Four years of limbo. Of life suspended, lost, abandoned as he lay half dead in a stinking cell.
He wasn’t dead and he wasn’t going to lose any more of life.
“I’m everything you thought me,” he whispered, his voice broken. “The gardener and the aristocrat and the madman. I endured Bedlam and it was a crucible to my soul, burning what I was before and reshaping me. I wouldn’t have survived it had I not let myself be remolded.”
He looked at her helplessly and she stared back, her eyes wet, her lips parted.
He laid his forehead against hers. “In truth I don’t know what sort of man I am anymore, newly smelted, newly poured into some strange and original mold. I was still too hot to the touch for discovery. But I know this: whatever strange creature I have become, I am yours. Help me, Lily. Unmold me and take what form I am in your hands and blow the breath of life into me. Make me a living being again.”
He had no more words to convince her, so he did what he’d wanted to do since he’d first seen her this evening: he slid his lips down to her mouth.
THE KISS WAS so sweet, so tender, that for a moment Lily couldn’t think at all. All she could do was feel—the heat of his mouth, the puffs of his breaths on her cheek, the gentle touch of his palms on her face.
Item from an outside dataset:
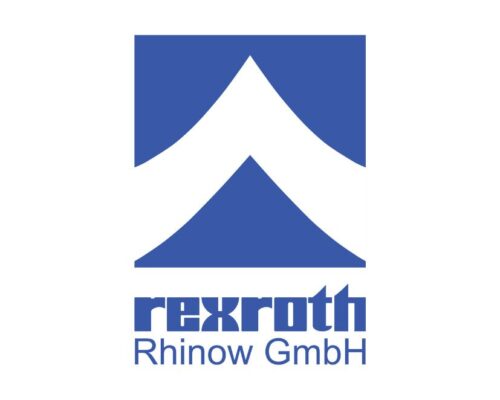 Logo mit zwei blauen Dreiecken, darunter der Text 'rexroth Rhinow GmbH'.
He pushed his tongue into her mouth and she suckled it, wanting more.
She stood on tiptoe and thrust her fingers into his hair, pulling off the wretched tie and freeing his wild locks—freeing Caliban from Lord Kilbourne.
And then she remembered: no matter what he might call himself, she was still mad at him.
She pulled back and murmured, “I’m still mad at you.”
“Are you?” His wounded voice had descended into Stygian depths. He pressed open-mouthed kisses to her jaw.
“Yes.” She yanked at his hair in emphasis.
He grunted, but her grip didn’t prevent him from lowering his mouth to hers again. He nipped at her lips and then licked at them, softening the sting. “I’ll have to see what I can do to regain your good graces.”
His hands left her arms and seized her waist instead, and before she could think, he was lifting her bodily, walking with her as if she were as light as a kitten. He pivoted and then she was falling onto the bed, with him right on top of her.